Back in Hong Kong for the first time since 2019, The BHN Group led discussions about opportunities in Asia Pacific, including this plenary session with top leaders from the region.
HONG KONG - The BHN Group brought back hotel investment conferences to Hong
Kong for the first time since 2019, hosting HICAP Update on March 13-14 at The
Regent Hong Kong.
Among the high-profile sessions where panelists shared where
their optimism lies was “Views from the Boardroom, Round One,” moderated by
Matt Gebbie, director, Asia Pacific, for Horwath HTL.
With a promise of no talk about Taylor Swift and no self-promotion,
Gebbie first asked the panelist about their performance outlooks and development
focuses, starting with Jihong He, chief strategy officer, H World Group Limited,
Shanghai.

Family and friends are coming together, interested in investing and starting in limited-service hotels.

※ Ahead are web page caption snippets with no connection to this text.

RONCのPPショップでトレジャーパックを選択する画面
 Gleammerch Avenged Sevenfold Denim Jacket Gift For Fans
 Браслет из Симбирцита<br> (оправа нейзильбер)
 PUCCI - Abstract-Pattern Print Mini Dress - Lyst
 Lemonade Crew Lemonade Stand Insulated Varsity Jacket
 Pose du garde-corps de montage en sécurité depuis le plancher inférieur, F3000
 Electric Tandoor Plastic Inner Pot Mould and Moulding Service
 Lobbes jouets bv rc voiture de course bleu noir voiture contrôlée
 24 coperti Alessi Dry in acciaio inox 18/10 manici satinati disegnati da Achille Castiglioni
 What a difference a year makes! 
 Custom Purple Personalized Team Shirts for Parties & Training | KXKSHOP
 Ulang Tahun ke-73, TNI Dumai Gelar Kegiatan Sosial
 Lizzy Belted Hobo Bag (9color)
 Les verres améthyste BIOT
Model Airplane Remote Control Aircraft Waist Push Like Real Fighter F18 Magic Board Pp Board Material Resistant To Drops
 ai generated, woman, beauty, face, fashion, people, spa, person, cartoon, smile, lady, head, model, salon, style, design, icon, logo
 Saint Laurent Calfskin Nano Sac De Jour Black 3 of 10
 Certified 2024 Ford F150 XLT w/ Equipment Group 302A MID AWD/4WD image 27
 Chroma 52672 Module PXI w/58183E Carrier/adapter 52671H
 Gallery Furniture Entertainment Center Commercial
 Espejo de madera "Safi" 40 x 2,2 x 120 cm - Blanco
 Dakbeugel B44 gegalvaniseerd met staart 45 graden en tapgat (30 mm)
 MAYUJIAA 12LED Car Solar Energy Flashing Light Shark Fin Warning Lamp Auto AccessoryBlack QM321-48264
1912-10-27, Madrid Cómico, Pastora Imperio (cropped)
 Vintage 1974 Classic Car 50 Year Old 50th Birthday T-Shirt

High-speed rail going to every village helps, creating new potential demand.
Jihong He
Jihong said 2023 was a very strong recovery year in China,
where 9,000 hotels account for 80% of the company’s revenue. With the trend
still pointing up, the average RevPAR for 2023 beat 2019 by 20%, driven by ADR
gains because occupancy was not quite back to previous highs (81% in 2023 v 85%
in 2019).
Jihong add that there is increasingly strong demand from
lower tier cities in China. In fact, she said they were surprised by local
activity and demand in cities that previously never saw a chain hotel. “Locals
want to experience chain hotels,” she explained.
She also pointed to strong interest for development from
franchisees in third- and fourth-tier cities. “Family and friends are coming
together, interested in investing and starting in limited-service hotels” she
said. “High-speed rail going to every village helps, creating new potential
demand.”
Looking ahead, Jihong expects continued strong demand and rate
but warned about being careful with rate growth in limited-service hotels to
avoid curtailing demand. She also believes limited-service is still the biggest
growth opportunity and added that upper-upscale development is a coming trend.
Dillip Rajakarier, CEO, Minor Hotels and Group CEO, Minor
International, said he is waiting for more inbound traffic to Asia Pacific,
adding that China remains mostly a domestic market.
More generally, he said Asia is performing very strong this
year with continued softness in outbound Chinese travel. “Japanese, Saudis,
Indians and Europeans are making up for the shortfall of outbound Chinese
travelers,” he added.

You can get a non-recourse loan for 0.55% [in Japan]. Even if you get a property yielding 4.5%, you still have a spread of 4%, which is really decent.
Peng Sum Choe
Rajakarier is very bullish on Minor’s Europe business and
growth as constrained air travel is still leading to more regional and short haul
trips.
Within Asia Pacific, he said traffic remains more regional due
to the lack of outbound Chinese travel, adding that Saudis are traveling a lot
more in Asia Pacific.
Peng Sum Choe, CEO of the Pan Pacific Hotels Group said he
is excited by the development prospects in Japan and Jakarta – Japan because of
the dip in the value of the yen and remaining low interest rates. “Tourism is
strong and which country can you find interest rate so low?” he said. “You can
get a non-recourse loan for 0.55%. Even if you get a property yielding 4.5%,
you still have a spread of 4%, which is really decent. Conversely, a hotel in
Sydney is yielding 6.5% to 7% but preferential interest is at 5.5%.”
Peng Sum added that Jakarta is growing, and he sees occupancy
stabilizing. “It’s the best kept secret market and we want to get in there,” he
said.
Daniel Aylmer, managing director and senior vice president
of Greater China for IHG Hotels & Resorts, said China is performing very
well and he is not sure if it is a result of revenge spending. “The challenge
is Tier 1 cities are not back anywhere near where we want them to be,” he said.
“Long haul is not there yet as it’s quite costly for U.S. and European
travelers. Inbound travel, corporate and MICE to Tier 1 cities are key for RevPAR
growth.”
Domestically, China is showing tremendous demand, Aylmer
added. “We are confident and bullish in Greater China due to the economic
system that makes sense, population growth, the markets, the opportunities, and
under penetration of brands,” he said. “It is different than it was in 2018
with consumer, owners, markets – but there is so much opportunity there.”